Rapporto sui diritti globali 2013: l'austerity non risolve la crisi e colpisce i più
deboli
E’ stato presentato ieri a Roma il Rapporto sui diritti globali 2013 a cura di Associazione
Società Informazione Onlus, e promosso da Cgil in collaborazione con diverse associazioni
impegnate sul fronte dei diritti. Ad essere indagati nel Rapporto di quest’anno sono
gli effetti sulle società, e in particolare sulle fasce più deboli, delle politiche
dell’austerity adottate oggi da molti governi, compreso quello italiano. Il servizio
di Adriana Masotti:
“L’austerità
è una condanna a morte per i più poveri”: potrebbe essere questa frase il premio Nobel
per l’economia, Joseph Stiglitz, la sintesi del contenuto del Rapporto sui diritti
globali 2013: nello studio che è alla sua undicesima edizione, si parla di questi
ultimi anni come di un percorso all’indietro, fatto di arretramento dei diritti, di
riduzione della ricchezza, di indebolimento della democrazia, di demolizione del sistema
dell’welfare. E delle scelte di austerità che stanno aggravando la crisi. Scelte davvero
inevitabili? Marco De Ponte, segretario generale ActionAid Italia:
"La
questione di fondo è se tenere i conti in ordine sia un valore di per sé e se debba
in qualche modo essere un imperativo che scavalca l’imperativo del rispetto dei diritti
delle persone. Noi siamo stati critici delle politiche di aggiustamento strutturale
in vari Paesi africani e asiatici in cui abbiamo visto che per tenere i conti in ordine
e per fare in modo che potesse fiorire un’attività economica anche dai volumi elevati
– la famosa crescita del Pil in senso assoluto – si sono spinti settori della popolazione
sempre più in situazione di esclusione sociale. Eravamo critici sulle politiche di
aggiustamento strutturale dieci-quindici-venti anni fa, in Paesi africani e asiatici
o in America Latina, e adesso vediamo replicarsi assolutamente la stessa dinamica
in Europa. Quindi: è vero forse che lo Stato non può permettersi di essere sempre
in deficit; è vero che bisogna anche saper tirare la cinghia. Ma quando questo vuol
dire effettivamente negare alle persone i propri diritti, forse bisogna farsi una
domanda di fondo. E cioè: a chi è utile la tenuta dei conti in un certo modo? Perché,
alla fine, questa è una guerra tra l’ormai 1 per cento della popolazione del mondo
che continua ad accumulare ricchezze e a gestirle, e tutti gli altri che la subiscono”.

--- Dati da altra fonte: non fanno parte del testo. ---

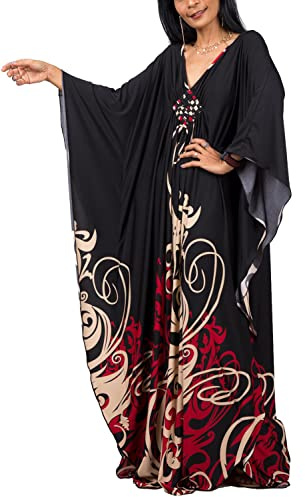 L-Peach Women Bohemian Kaftan Maxi Loungewear Nightgown Kimono Oversized Sleepwear Beach Dress Cover ups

Secondo l’ILO, chi ha seguito strade opposte all’austerity ha finora ottenuto
risultati molto più positivi. Gli USA hanno finanziato politiche per la crescita,
riducendo la disoccupazione e arrivando, nel primo trimestre 2013, a un +2,5% del
PIL. Paesi come l’Uruguay, il Brasile, l’Indonesia hanno consolidato e ampliato l’occupazione
grazie a politiche di sviluppo. In Europa, invece, oltre alla disoccupazione, cresce
la precarietà, quella che fino a ieri si chiamava flessibilità. Per quanto riguarda
l’Italia, gli ultimi dati dell’ISTAT documentano un Paese ferito in profondità, con
consumi calanti e famiglie impossibilitate a far fronte ai costi di cure ed esami
diagnostici, a pagare le bollette, con povertà e rischio di esclusione che riguardano
un quarto della popolazione. Su un totale di 16,7 milioni di pensionati italiani,
infatti, quasi otto milioni percepiscono meno di 1.000 euro mensili, oltre due milioni
meno di 500 euro. Per fra fronte alla crisi il Rapporto propone più investimenti e
spesa sociale. Quali l’impegno di ActionAid? Ancora De Ponte:
“Noi
abbiamo sempre ritenuto che le soluzioni si trovano solo se si lavora con le comunità
che sono direttamente colpite da dinamiche di esclusione sociale, per cui anche in
n Italia riteniamo che la parte fondamentale della soluzione debba passare per uno
sforzo di partecipazione dei cittadini. La collettività mette assieme, nei piccoli
paesi come nelle grandi città, le sue esigenze e si fa sentire e facendosi sentire
in genere fa le scelte più vicine ai cittadini, quindi le scelte più giuste”.